**Requirement**
Only an exact repeat of the listing, without its images, counts as the answer.

**Given data**
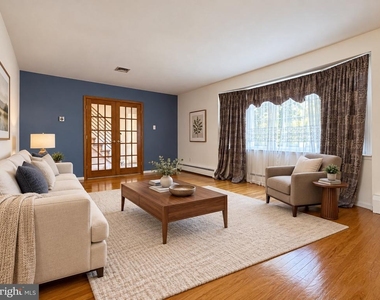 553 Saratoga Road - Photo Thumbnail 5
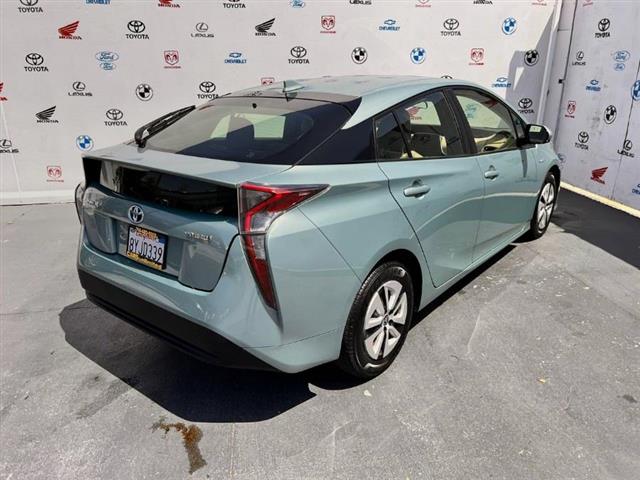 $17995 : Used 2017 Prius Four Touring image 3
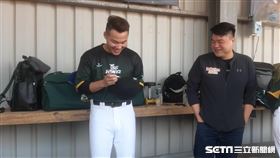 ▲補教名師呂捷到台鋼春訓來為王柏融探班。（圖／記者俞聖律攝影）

**Written answer**
 553 Saratoga Road - Photo Thumbnail 5
 $17995 : Used 2017 Prius Four Touring image 3
 ▲補教名師呂捷到台鋼春訓來為王柏融探班。（圖／記者俞聖律攝影）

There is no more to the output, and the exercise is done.